Calhoun and Garrison

February 9, 1849

Placed under Refuge of Oppression, from the Boston Recorder, here is some flavor of the article, titled Calhoun and Garrison:  “Though influenced by somewhat different motives, Calhoun at the South, and Garrison at the North, are laboring side by side and making common cause in this great business.  Wonderful is the sympathy between these two men and their followers.  Both classes are domineering, denunciatory, and defamatory.  …And  both are eager to vapor and fume, whether anybody cares for their bluster or not.  …Garrison, if born in the South, would have been a cruel slave-driver; and Calhoun, if a native of the North, would have been as cruel upon slave-drivers. …Hence we are not surprised to see one of them manifesting his respect for the other. ….At the Annual Meeting of the ‘old organization’, Anti-Slavery Society, held last week in Faneuil Hall, a resolution was passed, highly commendatory of Hon.
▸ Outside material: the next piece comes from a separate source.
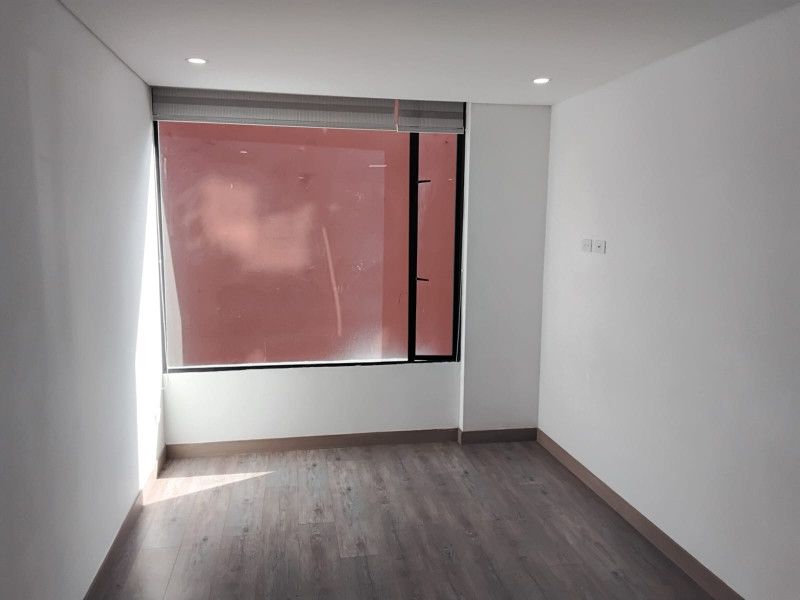 Apartamento en arriendo Cundinamarca Bogotá Marly 30 m2 Habitaciones 1 Baños 1 Garajes 0 Precio $1650000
John C. Calhoun for his honest and consistent course in defending the institution of slavery.  Although this resolution, was, probably, not so much designed to compliment the Southerner, as to reflect a side glance on the inconsistency of Northern dough-faces, yet it is to be presumed that the commendations of Mr. Calhoun are quite sincere, and adapted to encourage him in his frantic course of disorganization..  The Garrison faction ought to admire Mr. Calhoun; for he is aiming at the same object with them, though with a thousand times more energy and likelihood of effecting their wishes.  He has forty Congressmen to do is bidding, and they not one……”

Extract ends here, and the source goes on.